When a hardware interrupt occurs or a user mode call for a kernel operation, the CPU changes its hardware protection level so that the kernel mode mappings become accessible. But the CPU does not switch to a different mapping table (which is a much more time consuming switch).
So the kernel code that executes those interrupt and request service routines must occupy virtual address space in each process.
An OS could be designed (like that build time option in RHEL 4) to have only a tiny part of the kernel mapped that way. Before servicing any non trivial request from a user mode process, it would need to switch the mapping to the kernel process containing the code and kernel data needed for processing that request. Then when accessing the user mode parameters, buffers and other data associated with that request, it would need to create temporary mappings in the kernel process to access parts of the address space of the user process (at a different virtual address than the original location of that data, because the kernel might not be able to spare the virtual address corresponding to the user data).
All that is possible, but complicated. It is much simpler for the kernel virtual addresses to be disjoint from the user virtual addresses, so kernel code servicing a user mode request needs only to have the overall mapping of that process active in order to access any user mode data at the same virtual address where the user mode process had that data.
BTW, the kernel also has occasional need to access user mode buffers when the correct process is not currently selected for the overall mapping.

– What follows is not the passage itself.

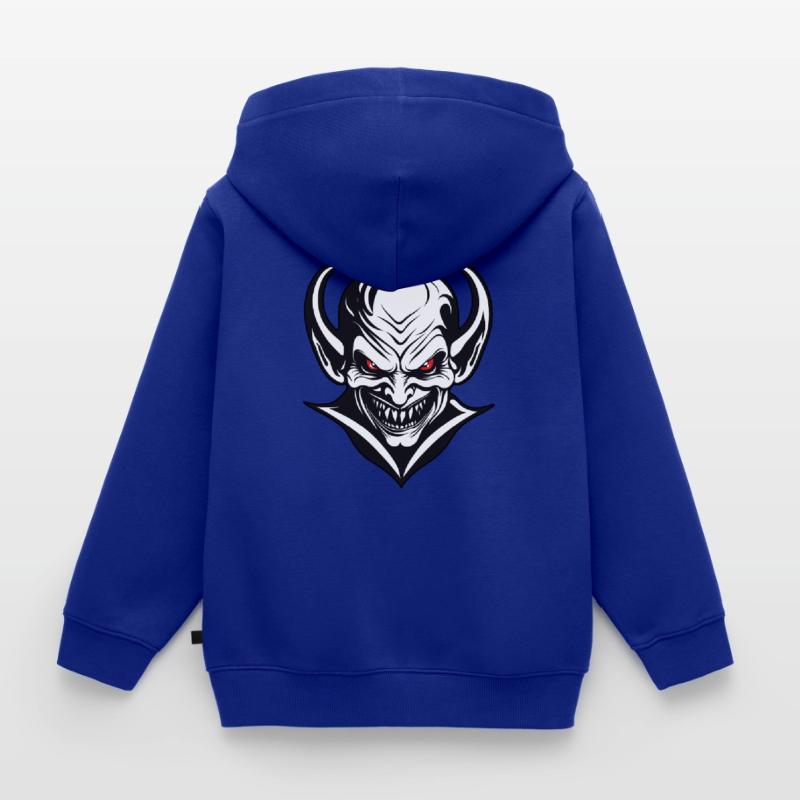 Devil / Hell / Horror / Devilish / Evil Kids Premium Organic Zip-up Hoodie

Early X86-32 Linux and current X86-64 Linux made (make) the assumption that total physical memory is significantly smaller than kernel virtual memory. That allows all of physical memory to be mapped into kernel virtual memory all the time. A virtual address in any process can be translated to a physical address, then the fixed offset added to translate to a kernel virtual address. But X86-32 Linux with over 832MB of physical ram, can't use that method and needs a slower and more complicated solution for those instances.

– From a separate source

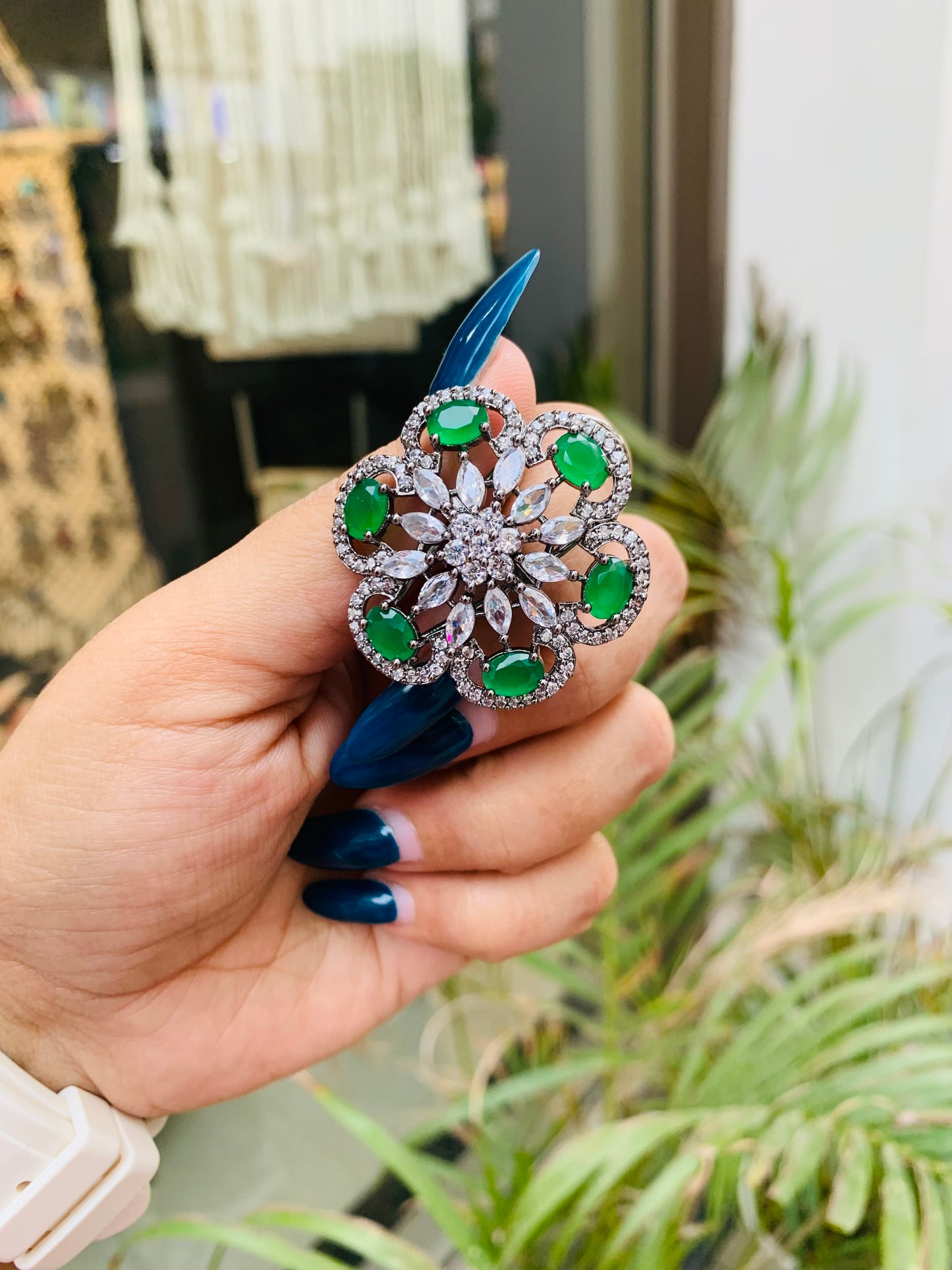 American Diamond Big Flower Shaped Studs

Originally Posted by dspjm
I thought that vmalloc was to allocate a virtually continuous memory for kernel, so I think that kernel has its own address table and can have more than 1GB memory.
The address table is hierarchical, so duplicating the kernel mappings into every process address space does not require duplicating all the detail of those mappings. With PAE, I think only one pointer needs to be duplicated for a quarter of the address space. Without PAE, I think 256 pointers have to be duplicated for a quarter of the address space.
All the detail of the kernel mappings is in a portion of the address table hierarchy that is shared by all processes. So it is possible to do one vmalloc in the kernel to create a kernel mapping that will be present in every process's address space.
But in the common X86-32 Linux set up, you cannot do anything really big with vmalloc, because the whole kernel portion of the address space is 1GB.